Complainant and Respondents desire to settle and compromise this action without hearing or adjudication of any issue of fact or law, and consent to the entry of the following Findings of Fact and Order.  Pursuant to IC 13-30-3-3, entry into the terms of this Agreed Order does not constitute an admission of any violation contained herein.  Respondent's entry into this Agreed Order shall not constitute a waiver of any defense, legal or equitable, which Respondent may have in any future administrative or judicial proceeding, except a proceeding to enforce this order.

 

I.  FINDINGS OF FACT

 

1.            Complainant is the Commissioner (“Complainant”) of the Indiana Department of Environmental Management (“IDEM”), a department of the State of Indiana created by Indiana Code (“IC”) 13-13-1-1.

 

2.            Respondent is Progress Rail Services Corporation (“Respondent”), which owns/operates the Progress Rail Services with Plant ID No. 089-00381, located at 175 West Chicago Avenue, in East Chicago, Lake County, Indiana (“Site”).

 

3.            IDEM has jurisdiction over the parties and the subject matter of this action.

 

4.            Pursuant to IC 13-30-3-3, IDEM issued a Notice of Violation (“NOV”) February 13, 2013  to :

 

William P. Ainsworth, President

CT Corporation System, Registered Agent

1600 Progress Drive P.O. Box 1037

150 W Market Street Ste 800

Albertville, Al 35950

Indianapolis, In 46204

 

5.            The source is a stationary locomotive axles and wheel sets finishing plant.

 

6.            On August 20, 2010, Respondent submitted an administrative permit amendment request to IDEM pursuant to 326 IAC 2-8-10.  This application was supplemented by submittals on December 21, 2010 (“First Application Supplement”) and June 23, 2011 (“Second Application Supplement”) collectively, the “Administrative Permit Amendment Request”.

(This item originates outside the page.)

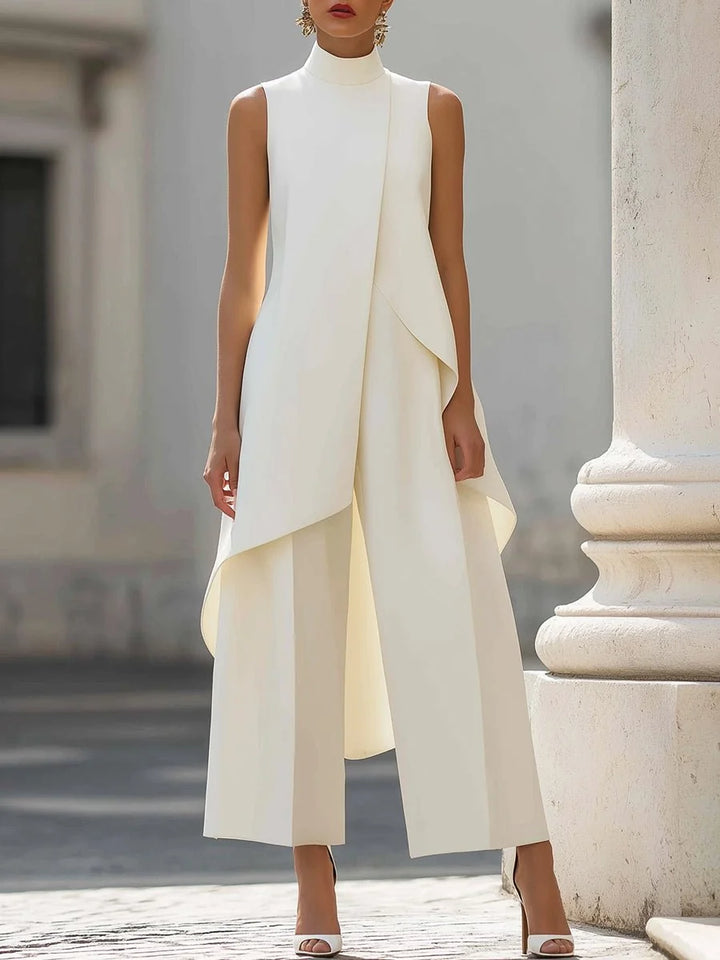 Women's two piece set featuring an asymmetrical high neck top and wide-leg trousers, designed for an elegant and modern look, perfect for any occasion. 0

7.            Respondent submitted a request as part of the Administrative Permit Revision Request to use administrative amendment procedures to allow replacement of paint booth BPB-1 with a new paint booth identified as TD-102.  Respondent contends this replacement constituted an insignificant activity, as defined by 326 IAC 2-7-1(21)(E) and that the uncontrolled PTE of TD-102 was less than pre-construction permit exemption criteria listed in 326 IAC 2-1.1.3(e)(1).

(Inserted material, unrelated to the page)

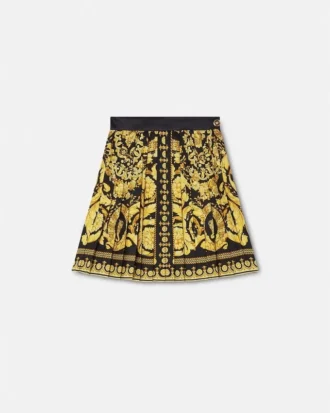 Mini-jupe plissée en twill de soie imprimé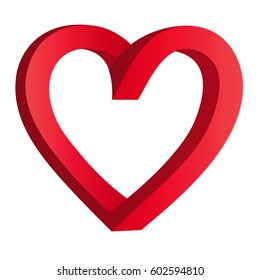 Vector illustration of an endless outline of a heart on a white background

8.            Respondent contends that the Administrative Permit Amendment Request included replacement of aqueous washer 1103 with new washer A534, and to add washer A534 to the FESOP emission limitation for VOCs in Condition D.1.2 of the Current Permit, and to replace washer SML-1 with a different unit with the same name but that also would be subject to the FESOP emission limitation for VOCs in Condition D.1.2 of the Current Permit.

 

9.            Respondent applied for a minor permit revision on 08/23/2010 to address the units 982, 1263, A425, TMDO, BCC1, VPI Tanks, BPB-1, TD-102, 1103 and A534.

 

10.         During a permit application review conducted by a representative of IDEM, the following violations were found:

 

a.            Pursuant to Condition B.18 of  the Current Permit and 326 IAC 2-8-11.1 Respondent shall submit a permit revision request prior to adding additional emission units, modifying existing emission units, or otherwise modifying a FESOP source.

 

The substitution of TD-102 for BPB-1 required a modification of the FESOP emission limit in the Current Permit.  Pursuant to 326 IAC 2-8-11.1(g), the procedures in 326 IAC 2-8-11.1(f) were required to be followed to make this change, including the use of “significant” permit modification procedures.

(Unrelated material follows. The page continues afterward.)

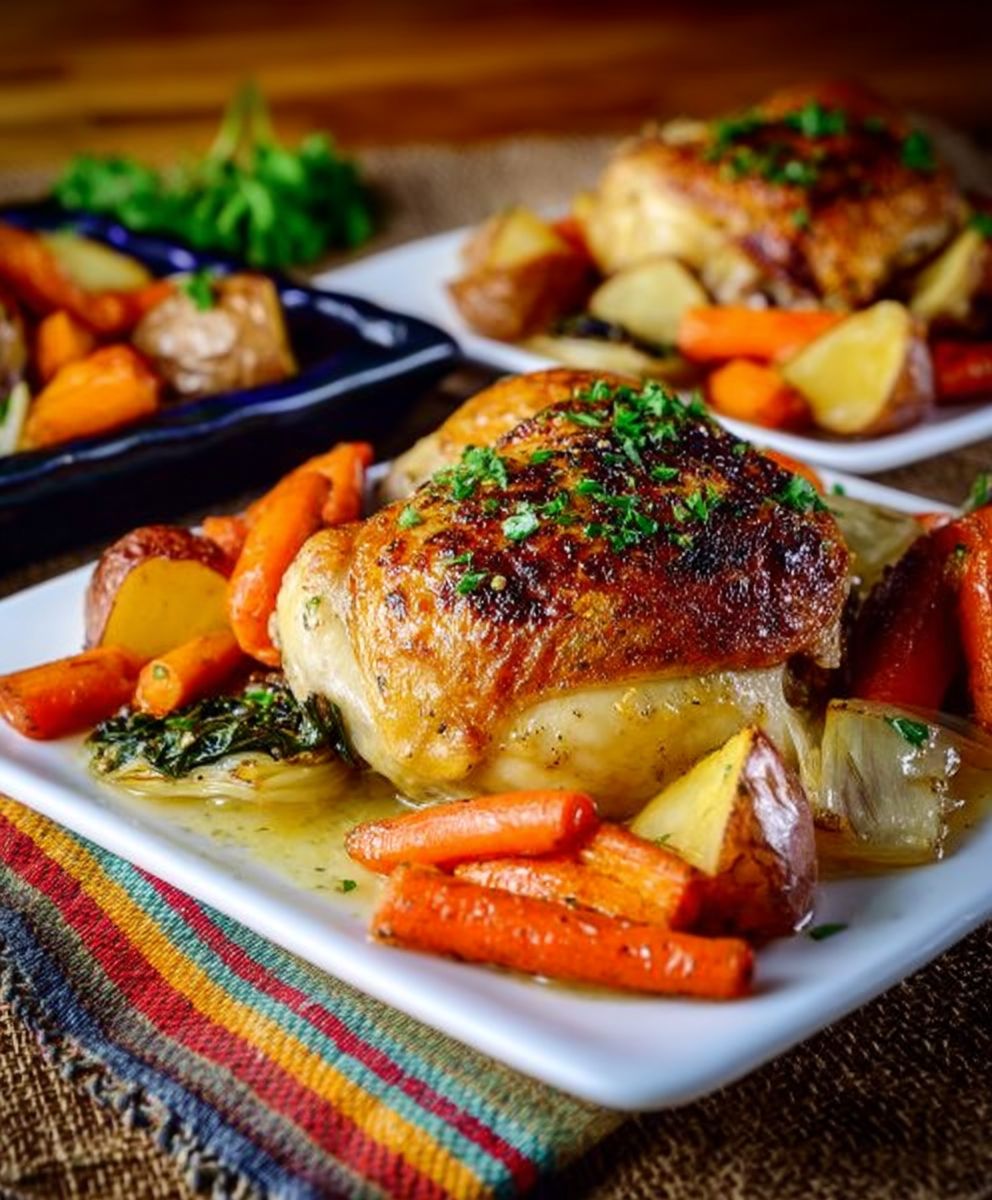 Roast chicken with vegetables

Respondent removed unit BPB-1 from the facility in or about October 2010.  Respondent constructed new emission unit TD-l 02 on February 28, 2011 without first obtaining approval of a “significant” permit modification for the change, in violation of Condition B.18 of the Current Permit and 326 IAC 2-8-11.1.

b.            Pursuant to Condition D.1.2 of the Current Permit the total usage of VOCs, including coatings, dilution solvents, and cleaning solvents, input to the surface coating spray booths 1213, 1221 and BPB-1, dip tank AXDT, Vacuum Process Impregnation (VPI) System, and insignificant activities surface coating spray booth TD101, paint booth TOPB, dip tank AXDT2,and Traction Motor Drying oven TMDO, combined with the degreasing operations MPW-1, SML-1, 865A, 1218, 1219, 1263, A378, 765, 982, and 1103 and aqueous washers FAW, 1239, and 1292 shall be limited to less than 24.49 tons per twelve (12) consecutive month period.  Compliance with this limit, combined with the potential to emit VOC from other emission units at the source, shall limit the VOC from the entire source to less than 25 tons per twelve (12) consecutive month period and render 326 IAC 2-3 (Emission Offset) and 326 IAC 2-7 (Part 70) not applicable.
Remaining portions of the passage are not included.